═══ Provided information

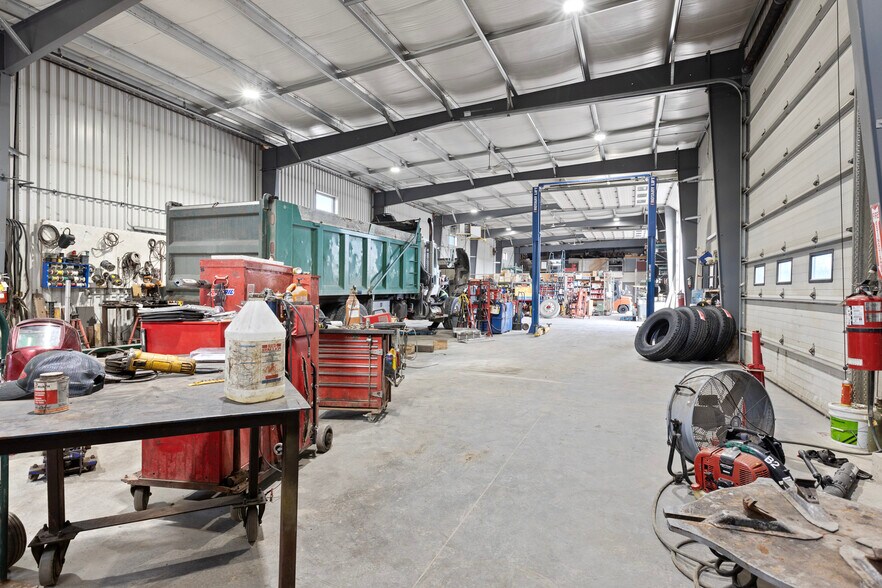 More Photos Of 143 Walgreen Rd, Ottawa Warehouse For Sale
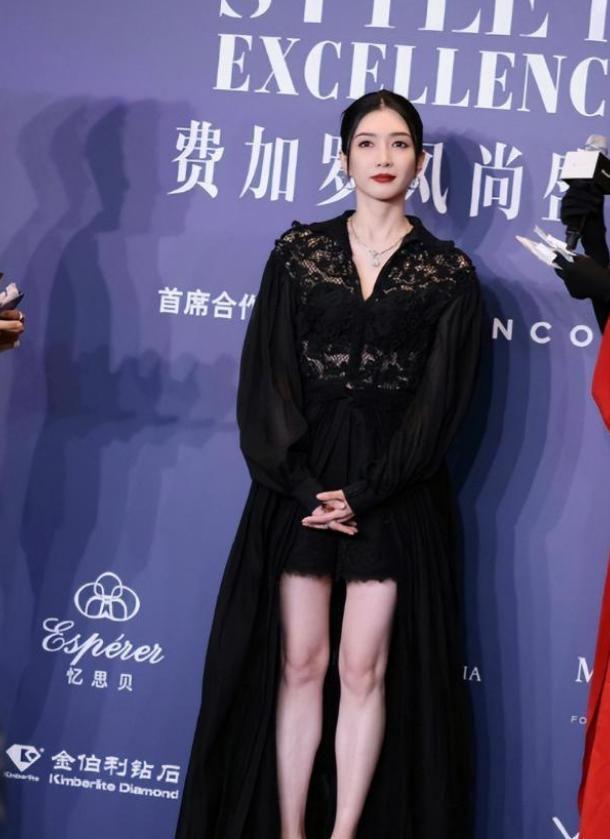乐鱼体育官方入口-江疏影海外产子风波升级，遭正房儿子当众羞辱？王传君的话应验了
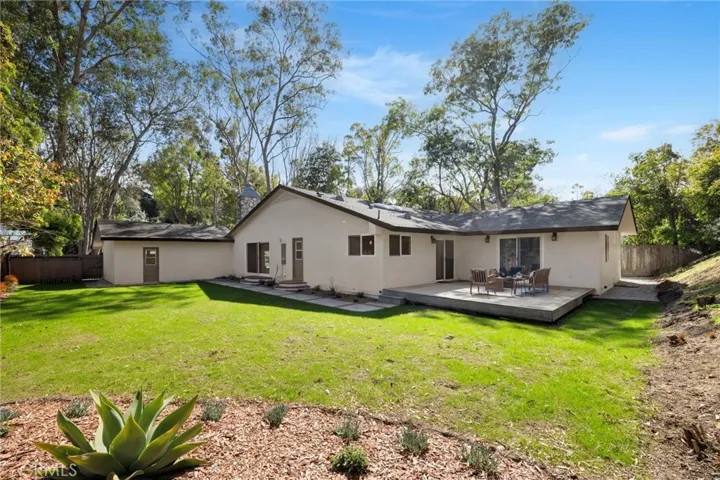 25 Encanto Drive, Rolling Hills Estates, California 90274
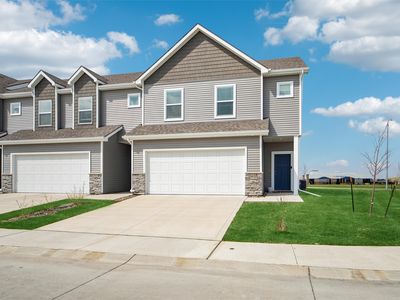 3348 NW Stratford Ln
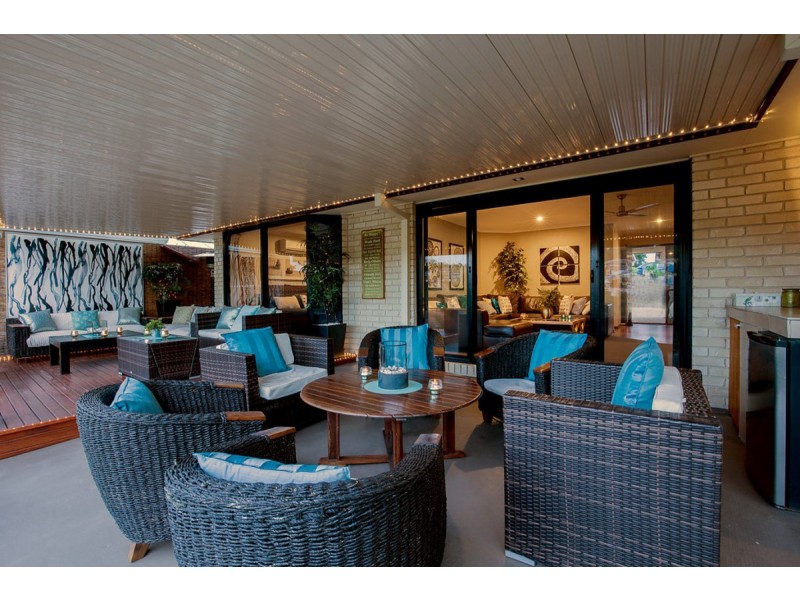 9 Blackheath Terrace, Pacific Pines QLD 4211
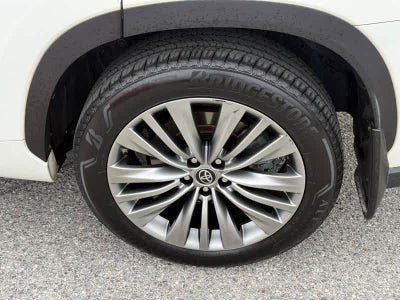 2021 Toyota Highlander Hybrid Platinum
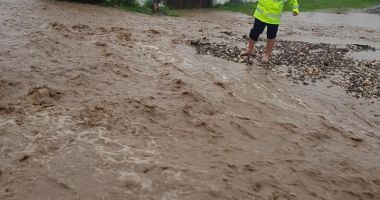 GALERIE FOTO / JUDEȚUL CONSTANȚA ESTE SUB APE. PLOILE AU FĂCUT PRĂPĂD! - 4
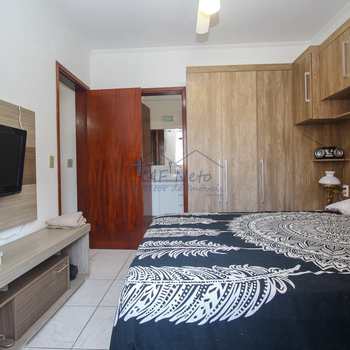 Apartamento em Guarujá, bairro Parque Enseada
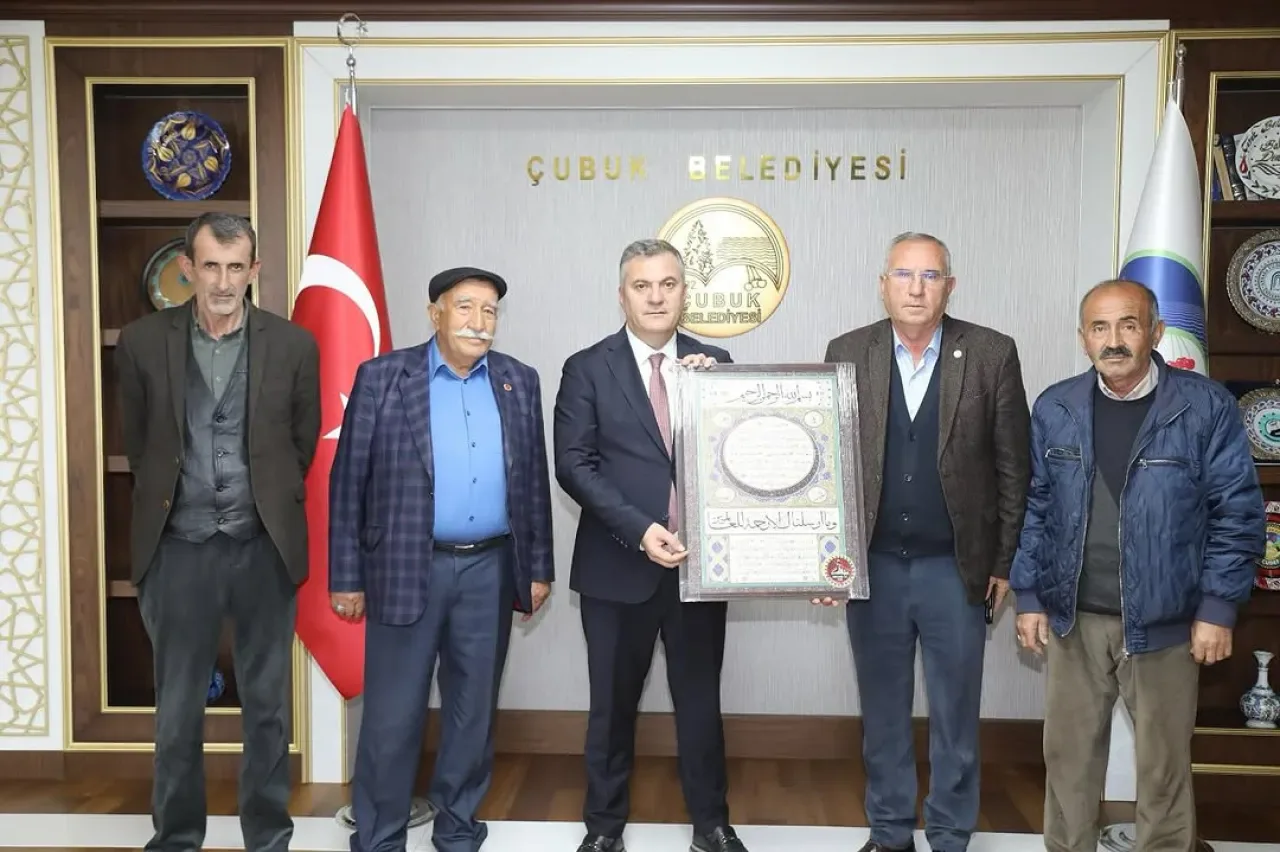 Çubuk Belediye Başkanı Demirbaş, Muhtarlarla Bir Araya Geldi Çubuk Belediye Başkanı Demirbaş, Muhtarlarla Bir Araya Geldi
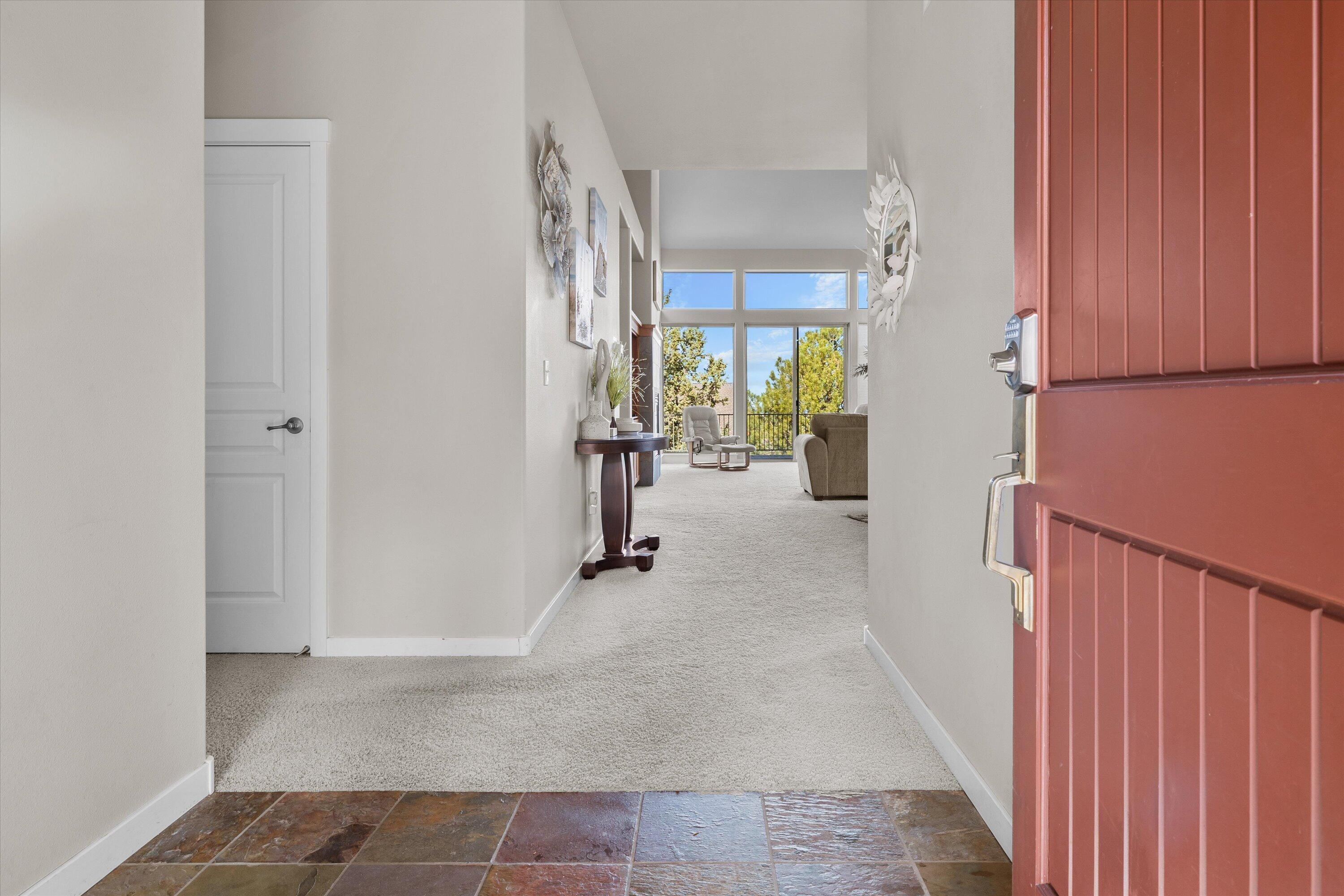 10879 Village Loop Redmond, OR 97756 - Photo 3 of 37 Entryway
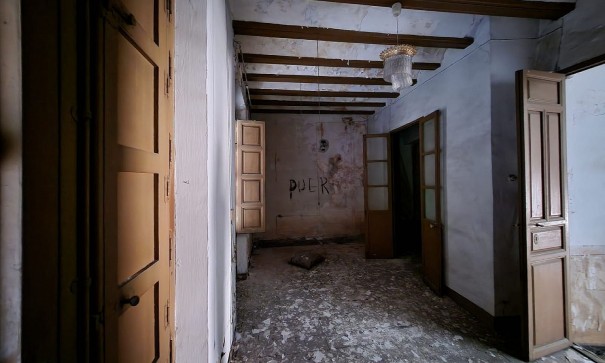 Resale - Stadthaus -
Villena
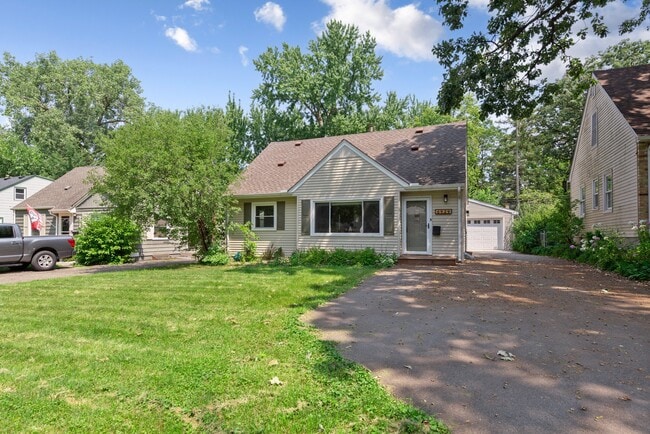 property at 6929 Newton Ave S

══════

» **Prompt**
Copy nothing but the lines from the line holding "9 Blackheath Terrace, Pacific Pines QLD 4211" through the last line of the entries, exactly, while leaving out the pictures.

» **Task result**
 9 Blackheath Terrace, Pacific Pines QLD 4211
 2021 Toyota Highlander Hybrid Platinum
 GALERIE FOTO / JUDEȚUL CONSTANȚA ESTE SUB APE. PLOILE AU FĂCUT PRĂPĂD! - 4
 Apartamento em Guarujá, bairro Parque Enseada
 Çubuk Belediye Başkanı Demirbaş, Muhtarlarla Bir Araya Geldi Çubuk Belediye Başkanı Demirbaş, Muhtarlarla Bir Araya Geldi
 10879 Village Loop Redmond, OR 97756 - Photo 3 of 37 Entryway
 Resale - Stadthaus -
Villena
 property at 6929 Newton Ave S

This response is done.